I guess what I'd like from you is the same thing I'd like from many of my evangelical brothers and sisters. That is for you to sit down, be quiet, and listen. Gay Christians like myself who have grown up in the church have spent a lifetime listening to the opinions and arguments against homosexuality. We know the arguments well. We also are painstakingly aware of your commitment to a literal view of scripture. And we know from personal experience that many evangelicals have very few appropriate boundaries when it comes to forcing a specific understanding of scripture on people who may interpret it differently. So all I'm asking (and I think you are doing this, in part, by reading my blog) is for you to let go, for a while, of your need to get your point across. Try to listen with your heart. Try to listen with the guidance of the Holy Spirit. But try not to be planning your next argument or attack while you do so.
I started my blog to share my story, and it is the story of tens of thousands of gay Christians much like me who fill or have filled the pews of churches across this country and the world. You can argue scripture with me all day, and I won't be able to win. But you also won't win any of us over that way. You will only win the right to be heard if you spend time listening, even when it makes you uncomfortable. You cannot argue with my story. It is just that, MY story. It is the truth of my experience, and woven throughout that story is an even more powerful story of the grace of God meeting me at times and in ways that have saved me to the core.

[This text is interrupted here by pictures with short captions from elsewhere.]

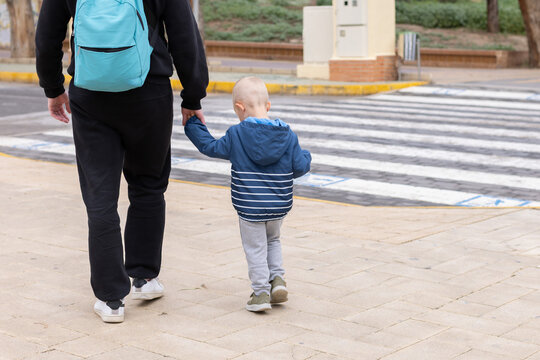 Father with his little son walks towards the zebra crossing. Back view.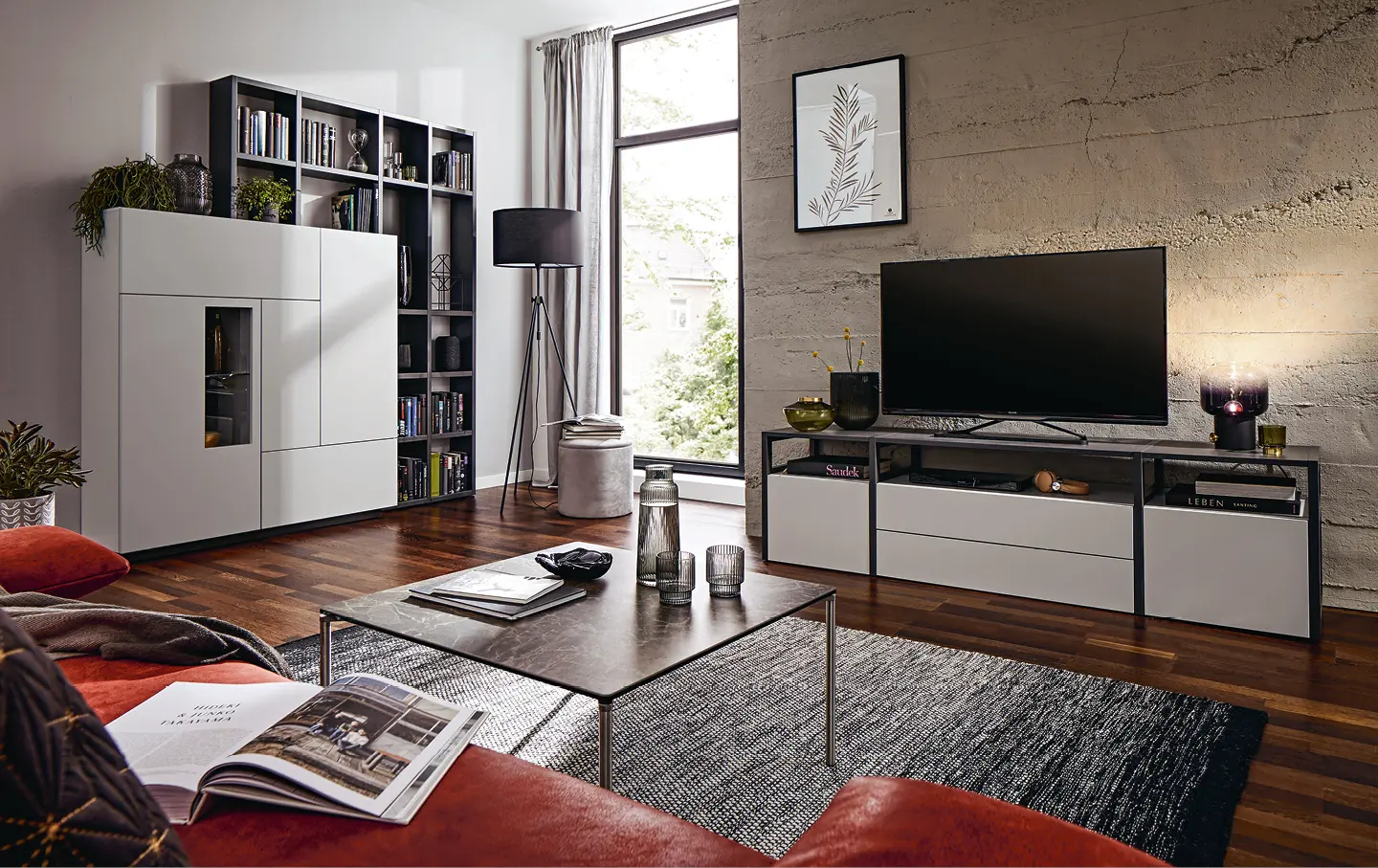 Weisse Wohnwand mit atmosphaerischer Beleuchtung in gemuetlichem Wohnzimmer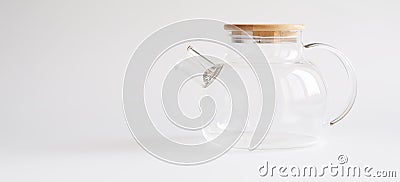 A transparent teapot made of tempered glass with a wooden lid and a metal spiral strainer on a white background. Element of modern Stock Photo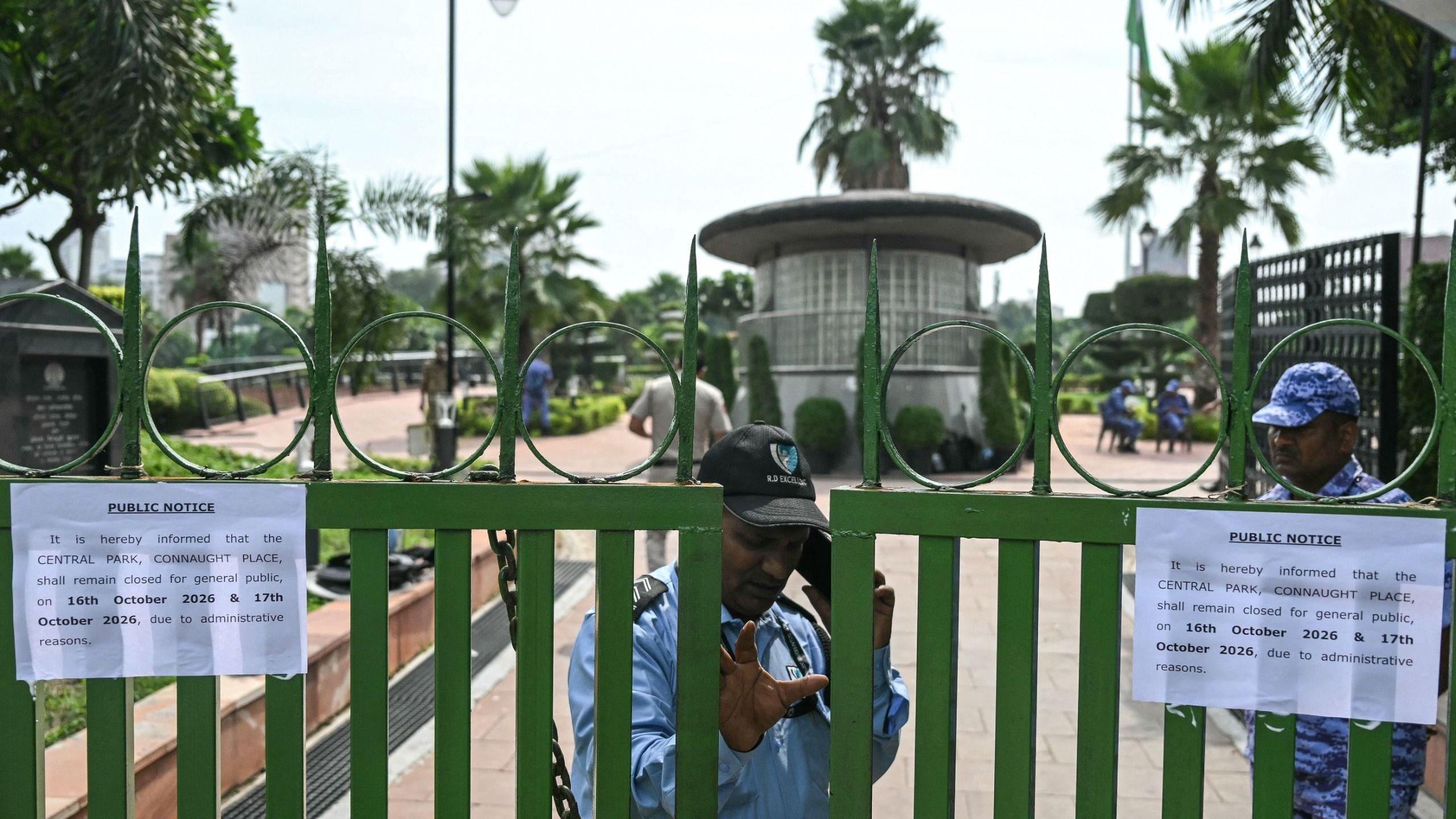 A security guard stands at the entrance of the closed central park at Connaught Place in New Delhi on October 16, 2026 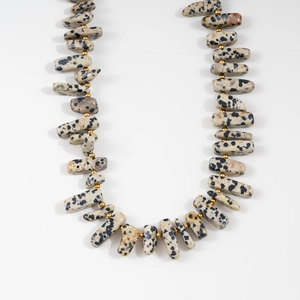 Close-up of Dalmatian Jasper stone beads with gold spacer beads on a steel chain necklace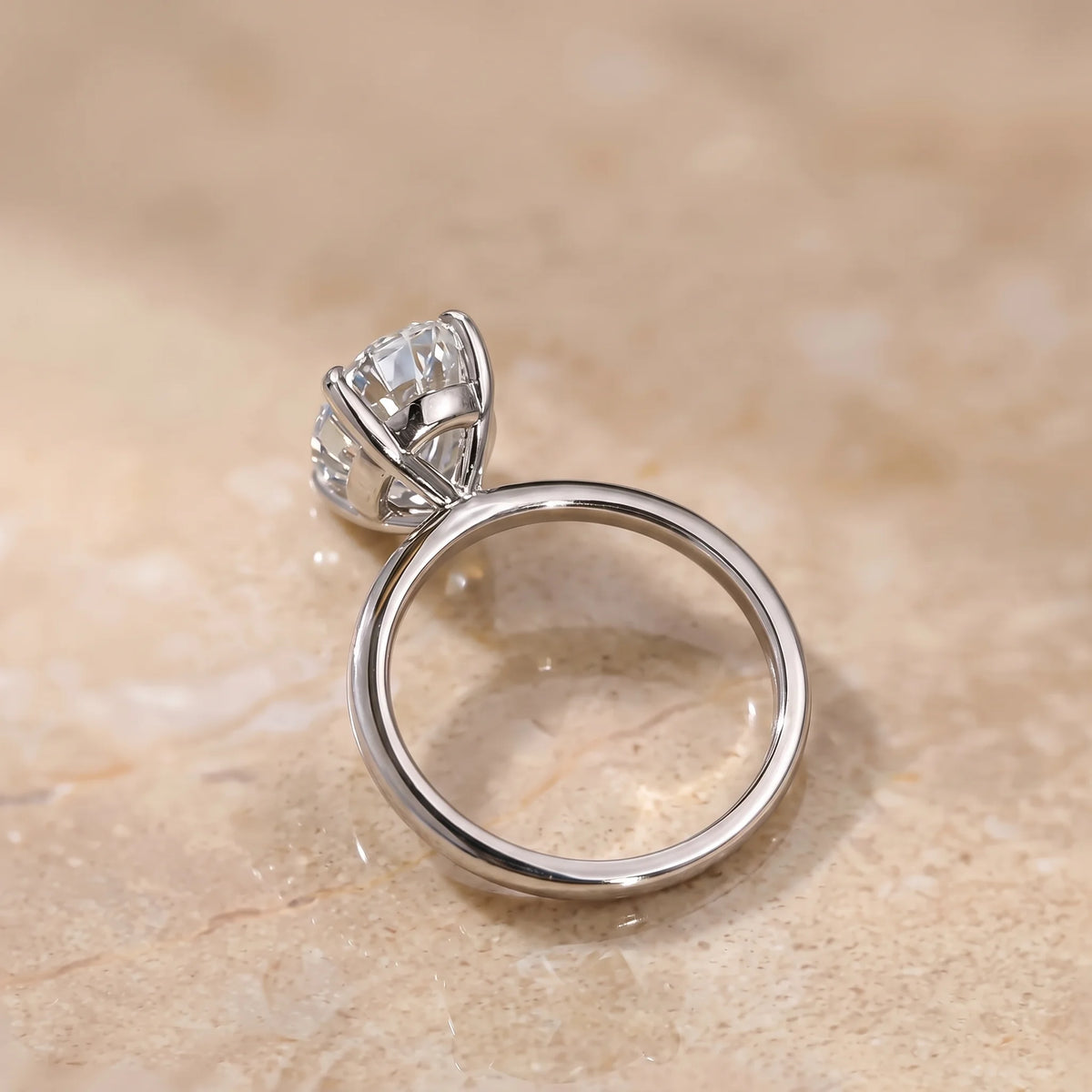 Side profile of the oval cut moissanite solitaire ring in a white gold finish showing the open gallery beneath the stone - Sensitive Stones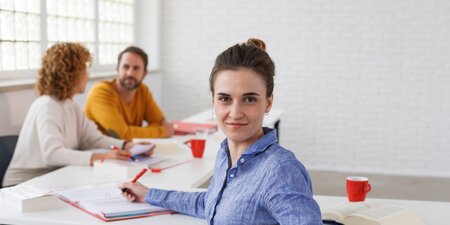 Eine Frau schreibt etwas auf ein Blattpapier Eine Frau schreibt etwas auf ein Blattpapier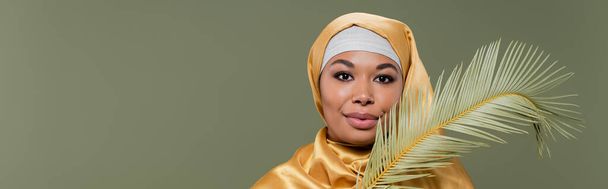 jovem mulher multirracial em hijab seda amarela sorrindo para a câmera perto da folha de planta tropical isolada em verde, bandeira - Foto, Imagem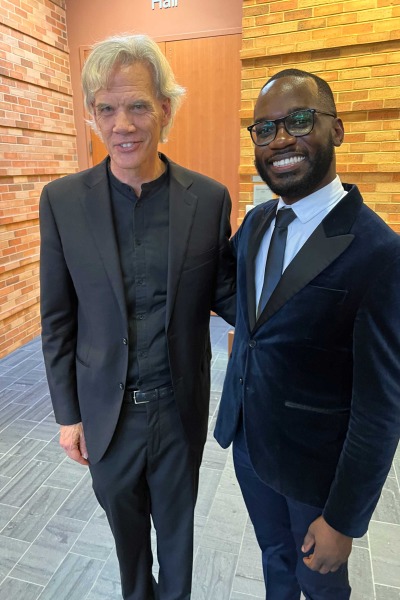 John Rommereim and Joel Thompson stand arm in arm 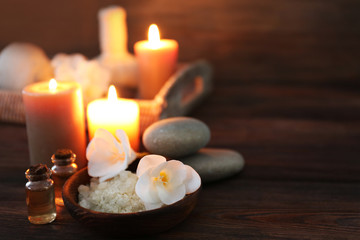 Spa composition with alight candles on wooden background in the dark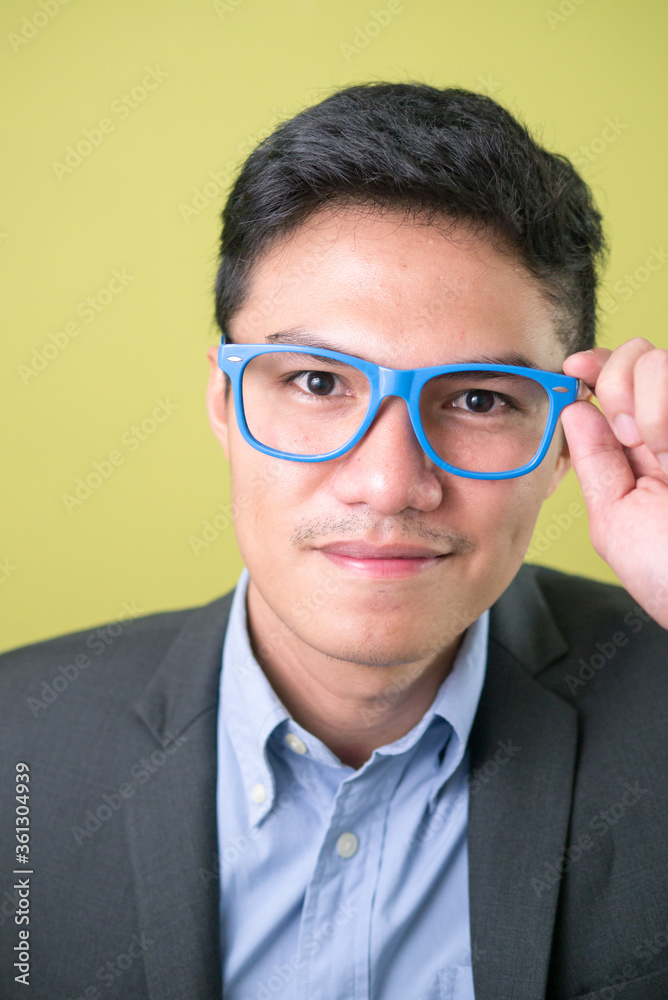 Face of young handsome Asian businessman in suit wearing eyeglasses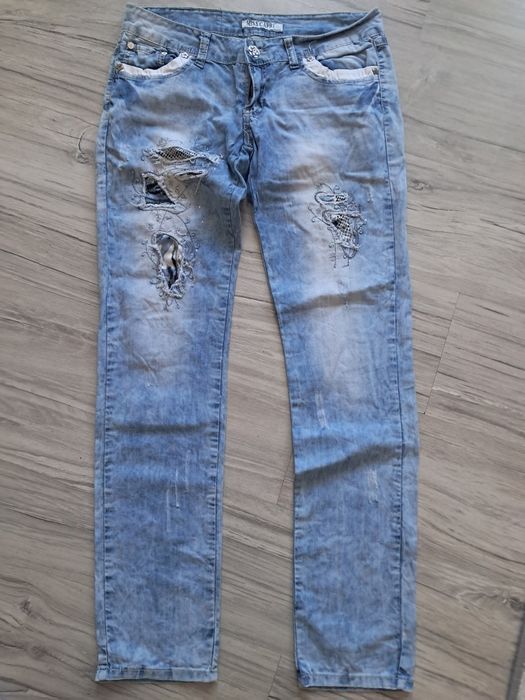 Spodnie jeans z dodatkami damskie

I recommend that you pick up Andrew Marin's book "Love is an Orientation." I think you would appreciate and benefit from it. Andrew is an evangelical Christian who would agree with you on the scriptural interpretation, but he has some valuable things to say about where to begin the conversation with gay people. I appreciate your heart, but must tell you that you have begun the conversation in the wrong place. If you begin the conversation this way with other gay people, they will not hear you.
Thanks for engaging in this dialogue with me. Some of the things you wrote did sting a bit, but I'm still willing to be part of the conversation. And part of the reason is that I am open to the possibility that I've gotten this wrong. There, I said it! I realize and accept that I could be wrong. But it is with that admission and in the spirit of that possibility that I rest in the grace of the God who created me. God knows my heart and my life-long struggle to seek God in the midst of this journey. And I'm willing to rest in the knowledge that, at the end of the day, that's all any of us really will get by on anyway."